The EU already has an upper hand, anyway, should it decide to retaliate using the subsisting interim Economic Partnership Agreement (iEPA) with Zimbabwe which however is not under the ambit of the WTO.((EU Delegation – Zimbabwe and the EU – Trade)) The United States did something similar with South Africa by threatening to kick it out of AGOA on a trade dispute outside AGOA involving American chicken imports.
Chairman of the Oil Expressers Association in Zimbabwe was quoted in a news report giving his opinion on Statutory Instrument 64 of 2016 saying
No imports are necessary as all cooking oil requirements can be met by local producers. As our capacity exceeds local demand, we are now looking at exports as a way to increase capacity utilisation ((The Sunday Mail – Local is lekker…Basic commodity suppliers meet local demand))
Strangely, some industrialists in Zimbabwe are hoping that the imports restriction brought about by SI 64/2016 will allow them to export to other markets as usual.
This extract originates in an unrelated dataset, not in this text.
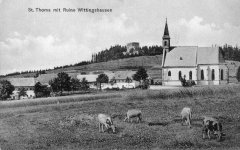 dobová pohlednice vsi s kostelem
There appears to be little or no appreciation nor concern that this same action they are currently supporting and celebrating can easily be used against them in a typical retaliatory fashion by countries they have in mind to export to.
What is clear is that if any retaliation should follow, which I think at this rate it eventually will because warning shots have been fired already, Zimbabwe’s economy will be once and for all buried as our economic recovery plan including ending the current crippling cash crisis is rooted in more exports and not less.
We should take less pleasure in twisting the rules the way we have done it with SI 64/2016 and other actions before it. Many of us should begin to realize that our medium to long term export success is equally dependent on how we treat others who are interested in exporting into our market.